■ EXERCISE DIRECTIONS ■
Among the entries below, which lines run from the line with "Aspidimorpha furcata" through the line with "Book cover of"? Retype those, both ends included, exactly and without pictures.

■ DATA RECORDS ■
______________________________
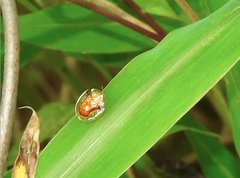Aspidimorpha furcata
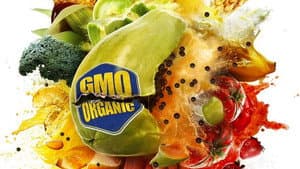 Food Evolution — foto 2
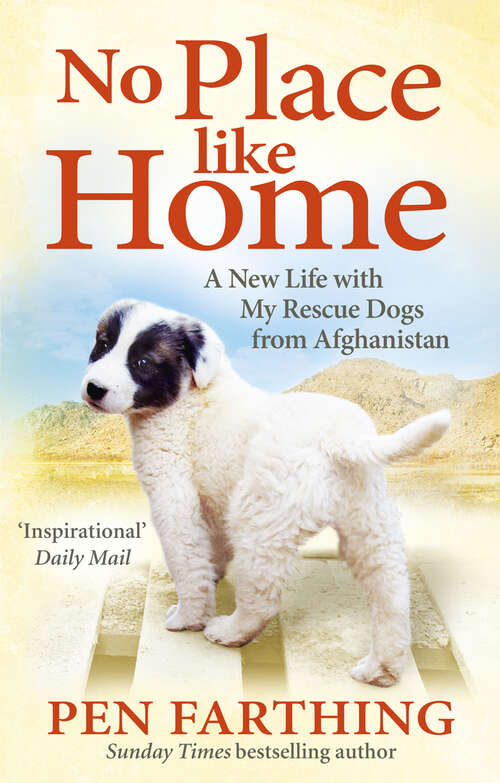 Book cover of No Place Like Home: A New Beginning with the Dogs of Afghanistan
______________________________
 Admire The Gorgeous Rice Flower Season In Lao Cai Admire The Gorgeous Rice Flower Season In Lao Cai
______________________________
■ RESULT BELOW ■
Aspidimorpha furcata
 Food Evolution — foto 2
 Book cover of No Place Like Home: A New Beginning with the Dogs of Afghanistan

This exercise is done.